Ya a Georges Sorel, el iracundo filósofo que clamaba contra la sociedad burguesa a principios del siglo XX, mezclando elementos del marxismo y del irracionalismo nietzscheano, le molestaba la mera palabrería revolucionaria. Él, en cambio, quería pasar a la acción verdaderamente revolucionaria y violenta, que veía encarnada en la huelga general de los trabajadores, destinada a petrificar de miedo a los burgueses y a renovar la energía violenta de los grandes capitalistas. Para todos los antidemócratas, el mayor enemigo es siempre la socialdemocracia, perfecta representante de la apatía de la sociedad de consumo.
Afortunadamente, a Sorel se le iba la olla. Touraine apuesta por la fusión de la izquierda con el centro liberal-reformista bajo la égida de Ségolène Royal. El mayor acierto de Royal, lejos del desprecio que aquí levanta por su vínculo con Zapatero, lejos también de sus meteduras de pata con el lenguaje y con China, ha estado en su ruptura con la cúpula de su partido.

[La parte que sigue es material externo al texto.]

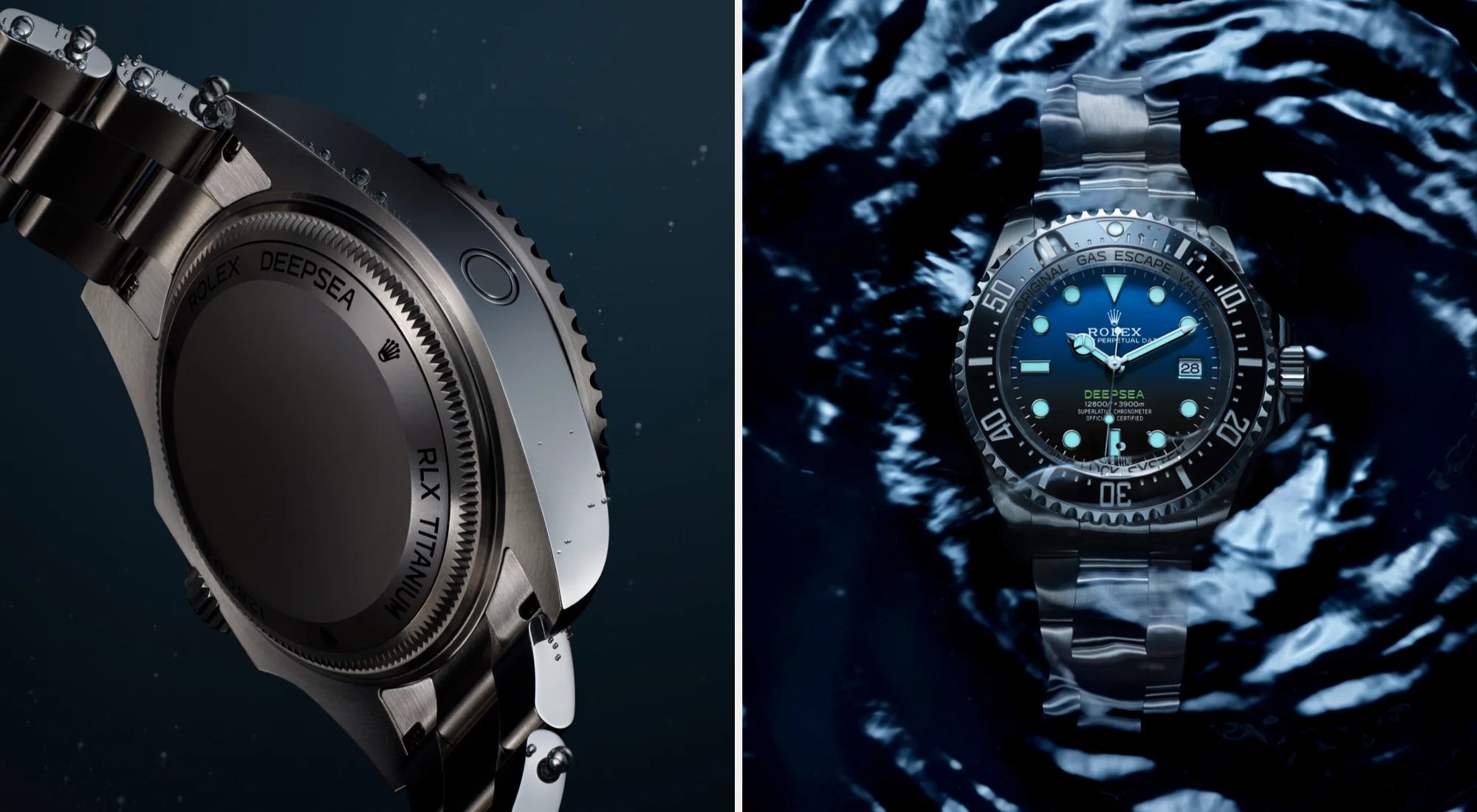 Rolex feature image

Es difícil que Royal renuncie a la palabrería revolucionaria que tanto anima desde hace décadas a los socialdemócratas; por lo que parece, también ella ha estado utilizándola en sus mítines con el propósito de movilizar a las masas apáticas que permitirían que ganase Sarkozy. Royal, sin embargo, se ha esforzado por marcar claras distancias con su partido, un partido muerto y petrificado pero del que todavía pudo surgir ella, lo que no es poco. No es poco que en un partido desesperado reaparezcan nuevos grupos, incluso aunque luego se revelen zapateriles. Parafraseando a los grandes futbolistas del mundo,
esa es la grandeza del furbo.
Pero cambiemos al furbo por la democracia y todos contentos, menos Sorel.